[Data to process — start]

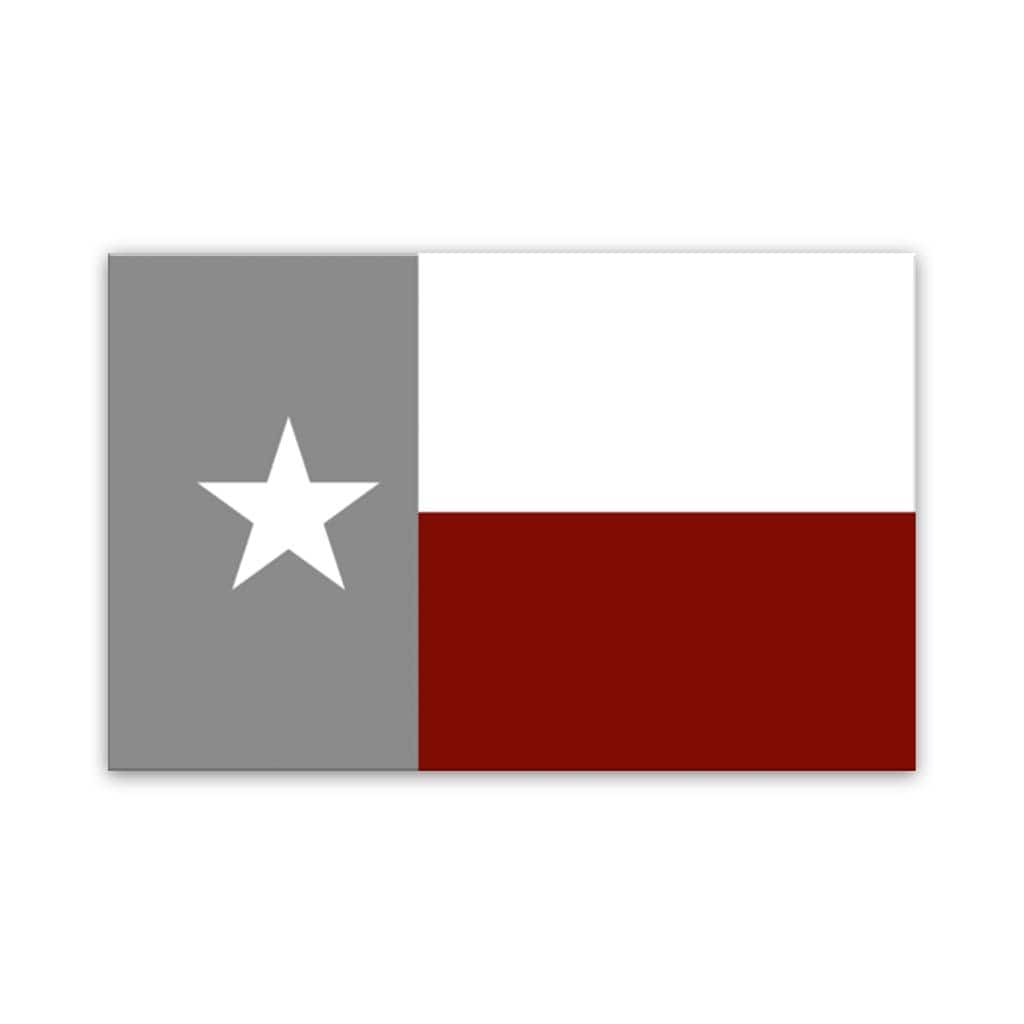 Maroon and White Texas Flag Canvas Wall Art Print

[Data to process — finish]
[Data to process — start]

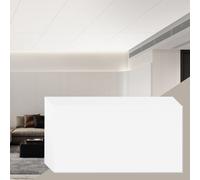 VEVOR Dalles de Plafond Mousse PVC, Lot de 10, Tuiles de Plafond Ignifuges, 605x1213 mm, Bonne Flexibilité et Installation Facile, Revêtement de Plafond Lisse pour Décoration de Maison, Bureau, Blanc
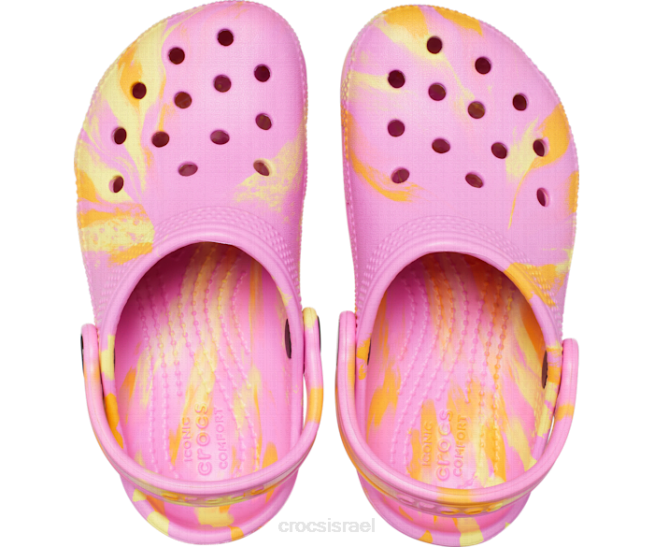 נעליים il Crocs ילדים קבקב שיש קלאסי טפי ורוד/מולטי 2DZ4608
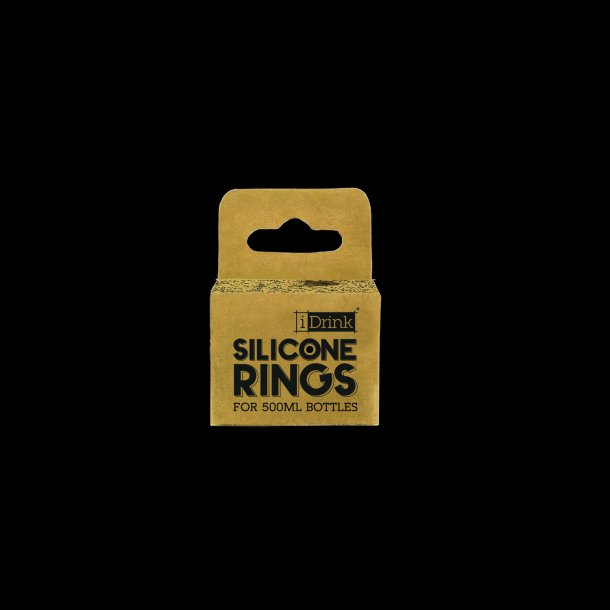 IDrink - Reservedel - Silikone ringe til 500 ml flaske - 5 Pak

[Data to process — finish]
[Data to process — start]

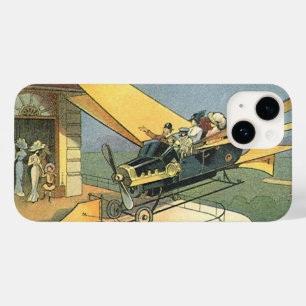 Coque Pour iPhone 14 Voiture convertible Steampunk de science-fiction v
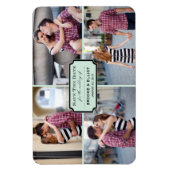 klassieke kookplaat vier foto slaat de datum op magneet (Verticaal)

[Data to process — finish]

> **What needs to be done**
Only the lines of the listing above from the one with "VEVOR Dalles de" through the one with "IDrink - Reservedel" should be output, exactly, with both ends kept and pictures left out.

> **Exercise response**
 VEVOR Dalles de Plafond Mousse PVC, Lot de 10, Tuiles de Plafond Ignifuges, 605x1213 mm, Bonne Flexibilité et Installation Facile, Revêtement de Plafond Lisse pour Décoration de Maison, Bureau, Blanc
 נעליים il Crocs ילדים קבקב שיש קלאסי טפי ורוד/מולטי 2DZ4608
 IDrink - Reservedel - Silikone ringe til 500 ml flaske - 5 Pak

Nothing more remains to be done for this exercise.